Collins, who was sexually abused by a priest at age 13, resigned on March 1, citing what she called “shameful” resistance to commission proposals from the Vatican’s powerful doctrinal office, which is responsible for pursuing cases against abusive priests and bishops.
Saunders stepped aside after publicly calling for Australian Cardinal George Pell to be dismissed, after news reports surfaced that he had protected pedophile priests in Australia. Pell serves as the Vatican’s finance chief.
Asked if the panel would include survivors in the future, Boston Cardinal Sean O’Malley told the online Catholic service Crux on March 27: “We’re grappling with that right now as a commission. Perhaps having survivors who were known as survivors was part of the reason they got so much attention.”
Saunders, who was abused as a child by two Jesuit priests and the head of a Catholic primary school, established the National Association for People Abused in Childhood 16 years ago in the United Kingdom. He said there was a need for more urgent action to protect children at risk.
“Many people contact me to ask if the pope is serious,” Saunders told Religion News Service on March 27. “We know there are many priests in place who should be moved.

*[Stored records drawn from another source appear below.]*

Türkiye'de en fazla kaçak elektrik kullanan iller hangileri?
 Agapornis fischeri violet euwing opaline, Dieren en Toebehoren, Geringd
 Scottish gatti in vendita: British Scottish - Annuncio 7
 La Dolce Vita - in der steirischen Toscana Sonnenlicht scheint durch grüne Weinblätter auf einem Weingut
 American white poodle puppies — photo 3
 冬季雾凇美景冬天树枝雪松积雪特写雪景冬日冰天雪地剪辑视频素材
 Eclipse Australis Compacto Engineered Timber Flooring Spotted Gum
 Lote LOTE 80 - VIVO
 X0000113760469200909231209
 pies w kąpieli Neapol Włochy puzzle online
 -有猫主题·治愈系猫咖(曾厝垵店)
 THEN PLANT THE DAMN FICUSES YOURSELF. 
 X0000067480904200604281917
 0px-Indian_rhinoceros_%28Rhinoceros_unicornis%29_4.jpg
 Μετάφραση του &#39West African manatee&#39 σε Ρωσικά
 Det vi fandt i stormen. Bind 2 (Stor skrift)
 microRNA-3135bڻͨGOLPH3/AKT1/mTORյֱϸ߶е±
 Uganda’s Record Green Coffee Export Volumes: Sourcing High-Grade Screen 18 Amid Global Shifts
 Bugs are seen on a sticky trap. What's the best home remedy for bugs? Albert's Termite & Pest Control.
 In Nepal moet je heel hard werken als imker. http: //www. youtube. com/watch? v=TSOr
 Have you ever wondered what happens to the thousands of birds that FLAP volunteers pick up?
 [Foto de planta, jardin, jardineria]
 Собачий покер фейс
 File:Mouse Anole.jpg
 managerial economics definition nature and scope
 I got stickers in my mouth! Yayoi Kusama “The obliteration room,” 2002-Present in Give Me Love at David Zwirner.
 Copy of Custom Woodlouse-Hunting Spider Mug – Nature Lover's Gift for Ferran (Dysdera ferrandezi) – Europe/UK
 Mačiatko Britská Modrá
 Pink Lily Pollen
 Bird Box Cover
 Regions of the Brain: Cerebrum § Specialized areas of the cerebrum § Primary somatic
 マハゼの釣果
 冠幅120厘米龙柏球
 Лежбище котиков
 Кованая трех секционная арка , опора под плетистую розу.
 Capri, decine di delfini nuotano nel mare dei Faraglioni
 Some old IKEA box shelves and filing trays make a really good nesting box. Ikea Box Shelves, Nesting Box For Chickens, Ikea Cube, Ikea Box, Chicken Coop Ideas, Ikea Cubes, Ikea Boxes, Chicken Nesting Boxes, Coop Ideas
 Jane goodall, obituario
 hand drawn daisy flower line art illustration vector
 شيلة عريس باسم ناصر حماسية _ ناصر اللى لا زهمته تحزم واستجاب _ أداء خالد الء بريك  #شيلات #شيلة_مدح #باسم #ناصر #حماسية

“Cardinal Gerhard Muller from the Congregation for the Doctrine of the Faith said it was up to local dioceses, but the reality is they are not doing enough. Globally it is still a big challenge, and there is a reluctance of local bishops to act.”
In its statement on March 26, the commission expressed support for Collins, and individual members told the media they endorsed her criticism of the doctrine office.
“I fully support Marie Collins’ statement,” said Baroness Sheila Hollins, a U.K. psychiatrist and child abuse expert.
Hollins also said that the commission was listening to survivors, and would not be rushed into appointing a survivor to the panel.
“Sometimes these survivors contribute to our work without being identified,” she said. “The pressure of being identified is sometimes unbearable.”